At the line containing "The condition is", begin an exact copy, and continue through the last line of the entries below. Leave out any pictures.

Start of TASK DATA

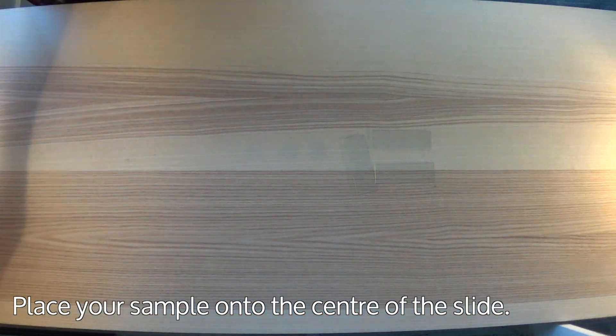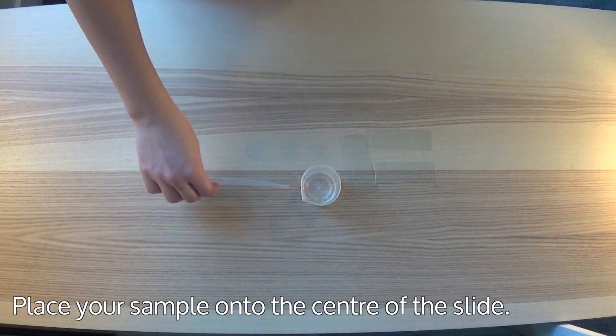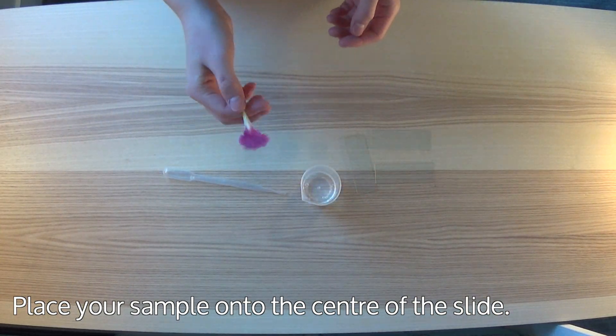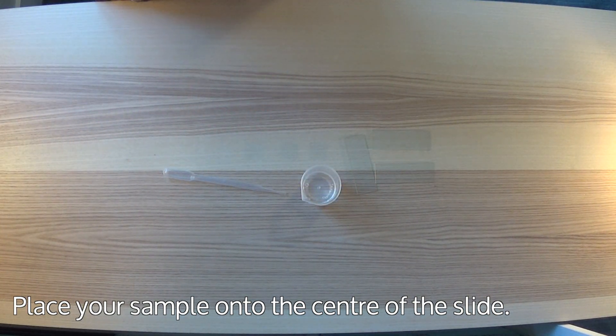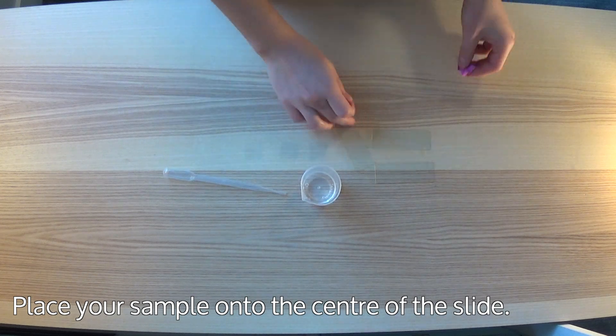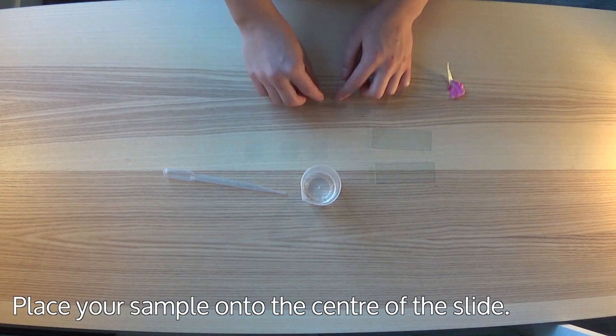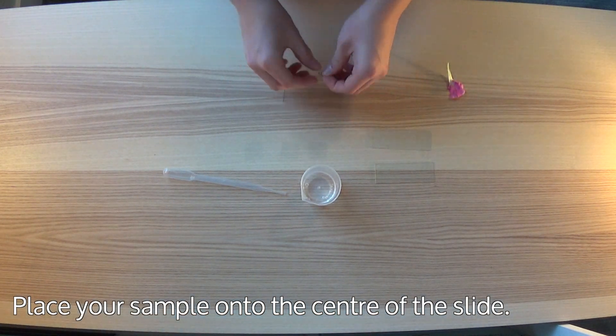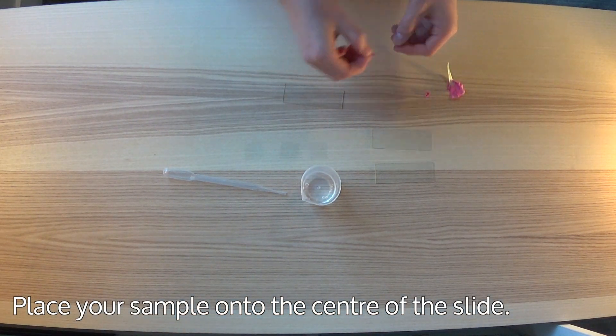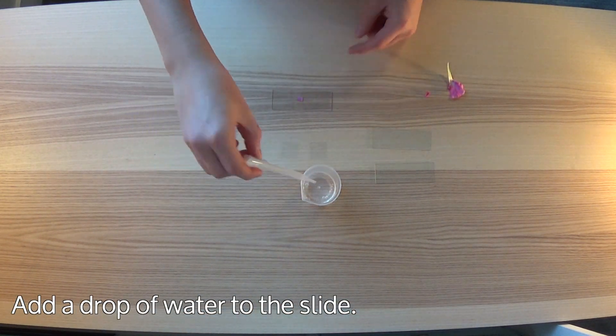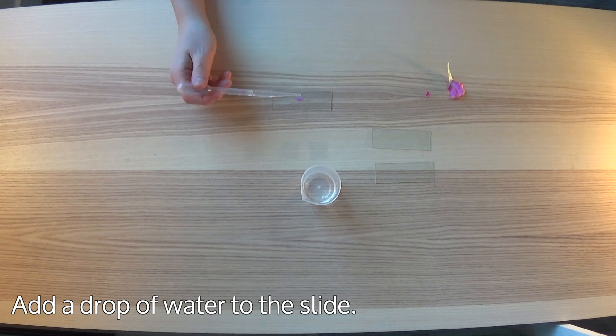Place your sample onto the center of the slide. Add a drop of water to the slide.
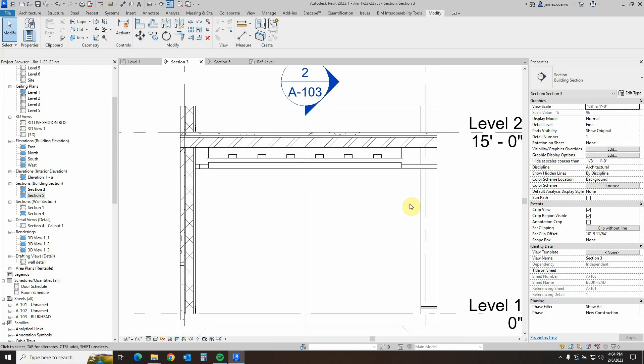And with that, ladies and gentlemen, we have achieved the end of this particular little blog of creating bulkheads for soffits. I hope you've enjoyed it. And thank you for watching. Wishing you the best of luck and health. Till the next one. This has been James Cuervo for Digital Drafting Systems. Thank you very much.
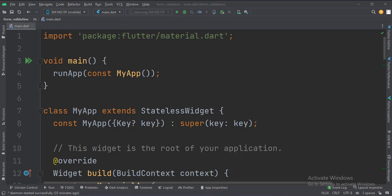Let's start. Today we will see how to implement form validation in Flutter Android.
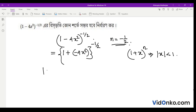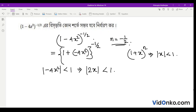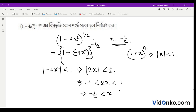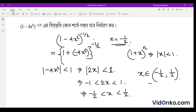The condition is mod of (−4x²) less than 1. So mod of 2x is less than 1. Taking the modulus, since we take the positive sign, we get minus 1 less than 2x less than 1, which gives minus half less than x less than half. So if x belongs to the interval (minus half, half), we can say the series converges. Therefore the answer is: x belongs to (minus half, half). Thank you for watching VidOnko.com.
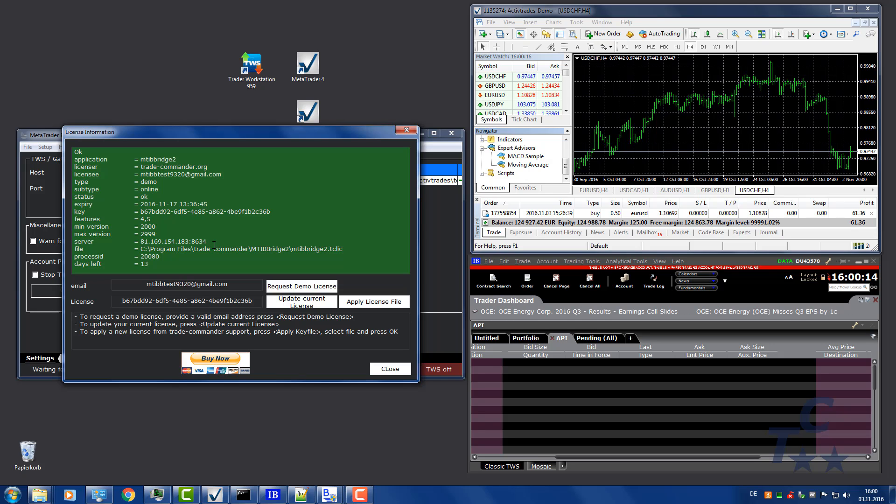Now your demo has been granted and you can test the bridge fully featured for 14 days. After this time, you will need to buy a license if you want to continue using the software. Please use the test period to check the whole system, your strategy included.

End of TASK DATA

- **ANSWER BOX**:
The condition is mod of (−4x²) less than 1. So mod of 2x is less than 1. Taking the modulus, since we take the positive sign, we get minus 1 less than 2x less than 1, which gives minus half less than x less than half. So if x belongs to the interval (minus half, half), we can say the series converges. Therefore the answer is: x belongs to (minus half, half). Thank you for watching VidOnko.com.
Now your demo has been granted and you can test the bridge fully featured for 14 days. After this time, you will need to buy a license if you want to continue using the software. Please use the test period to check the whole system, your strategy included.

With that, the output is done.